Are you asking about greenfield development only? One big obvious reason to use C23 instead of Rust or C++23 is if you already have a codebase written in C. Switching to C23 is a compiler flag; switching to Rust is a complete rewrite.

aidenn0 · on Nov 21, 2022

Places that are just now adopting C11 will probably adopt C23 in 12 years? C++ is (unfortunately, IMO) making inroads into embedded, but C is also still pretty widely used.

davidtgoldblatt · on Nov 21, 2022

My usages are similar to yours, but new C standards still benefit me because I can opportunistically detect and make use of new features in a configure script.

To use my baby as an example: free_sized(void *ptr, size_t alloc_size) is new in C23. I can detect whether or not it's available and use it if so. If it's not available, I can just fall back to free() and get the same semantics, at some performance or safety cost.

fweimer · on Nov 21, 2022

The free_sized function is kind of a bad example, though. For years to come, using free_sized will break malloc interposition. Interposed mallocs will not support free_sized initially. (It's currently not in jemalloc, tcmalloc, mimalloc as far as I can see.) If we add it to glibc and your application picks it up, calls to free_sized will end up with the glibc allocator even if malloc/free/… have been interposed. Maybe there is a way to paper over this in the glibc implementation of free_sized (rather than calling free unconditionally), and still do something useful for the glibc allocator. I don't know.

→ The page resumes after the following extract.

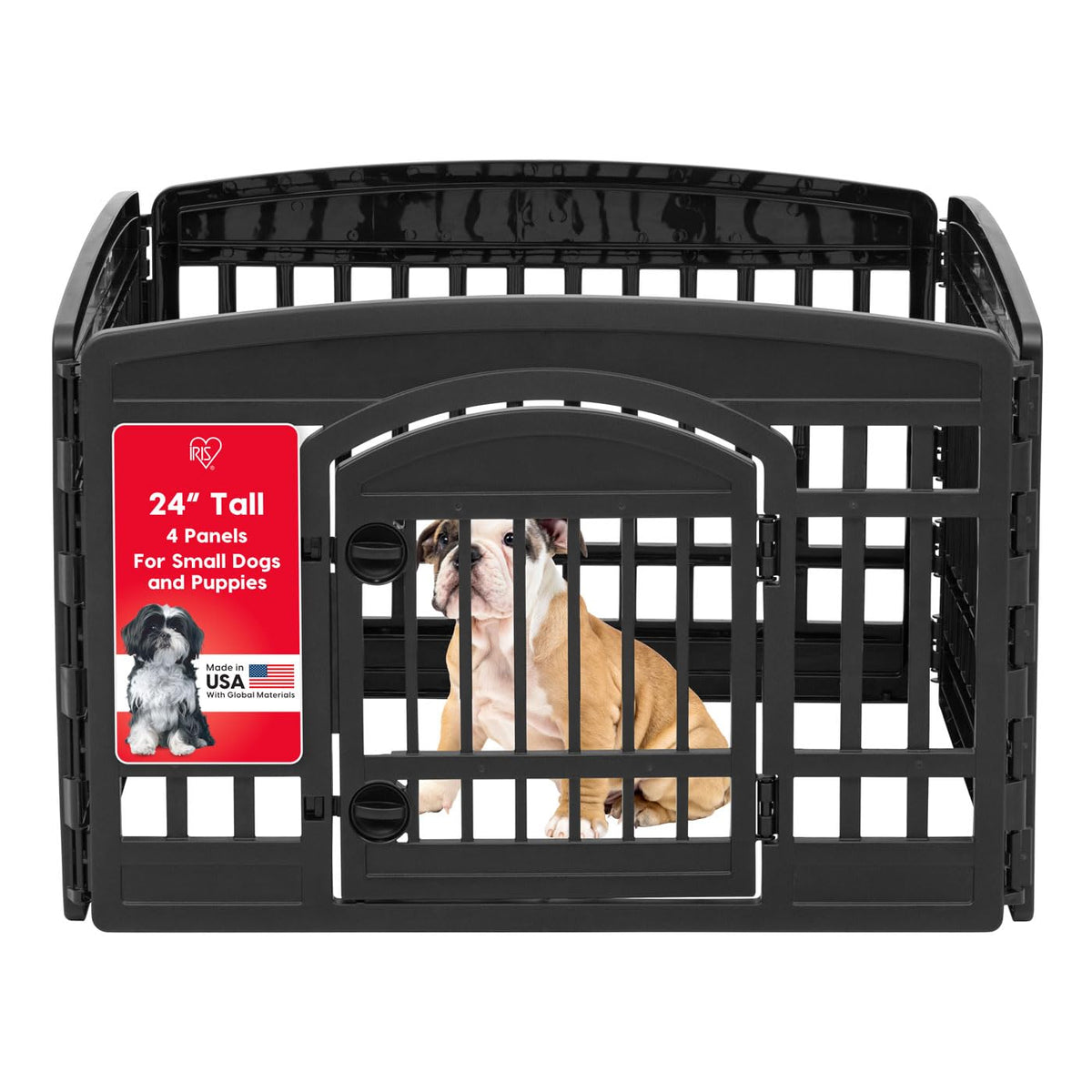 IRIS USA corral para perros con puerta, área segura para pequeños en interiores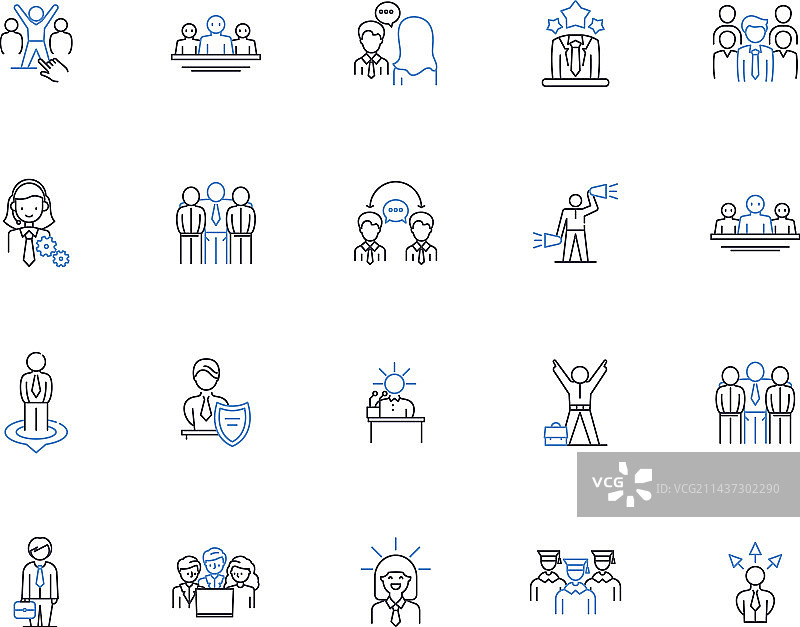 政治舞台线性图标民主合集图片素材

davidtgoldblatt · on Nov 22, 2022

> Maybe there is a way to paper over this in the glibc implementation of free_sized (rather than calling free unconditionally), and still do something useful for the glibc allocator. I don't know.

We emailed about this a little contemporaneously (thread "Sized deallocation for C", from February), and I think we came to the conclusion that glibc can make interposition work seamlessly even for interposed allocators lacking free_sized, by checking (in glibc's free_sized) if the glibc malloc/calloc/realloc has been called, and redirecting to free if it hasn't. (The poorly-named "Application Life-Cycle" section of the paper).

Bhurn00985 · on Nov 21, 2022

I don't fully understand the need or benefit of having free_sized() available tbh.

Spec says it's functionally equivalent to free(ptr) or undefined:

If ptr is a null pointer or the result obtained from a call to malloc, realloc, or calloc, where size size is equal to the requested allocation size, this function is equivalent to free(ptr). Otherwise, the behavior is undefined

Even the recommended practice does not really clarify things:

Implementations may provide extensions to query the usable size of an allocation, or to determine the usable size of the allocation that would result if a request for some other size were to succeed. Such implementations should allow passing the resulting usable size as the size parameter, and provide functionality equivalent to free in such cases

When would someone use this instead of simply free(ptr) ?

jabl · on Nov 21, 2022

> I don't fully understand the need or benefit of having free_sized() available tbh.

It's a performance optimization. Allocator implementations spend quite a lot of time in free() matching the provided pointer to the correct size bucket (as to why they don't have something like a ptr->bucket hash table, IDK, maybe it would consume too much memory overhead particularly for small allocations?). With free_sized() this step can be jumped over.

Bhurn00985 · on Nov 22, 2022

Thanks for your insights, which prompted to actually jump into the malloc.c implementation.

connicpu · on Nov 21, 2022

Many many many teams writing C won't be using C23 the day it's out, but they have to get these changes in now if they want the people who always use a 10 year old standard to have these features available 10 years from now

gavinhoward · on Nov 21, 2022

I'm also a C developer, but I do use the more modern versions.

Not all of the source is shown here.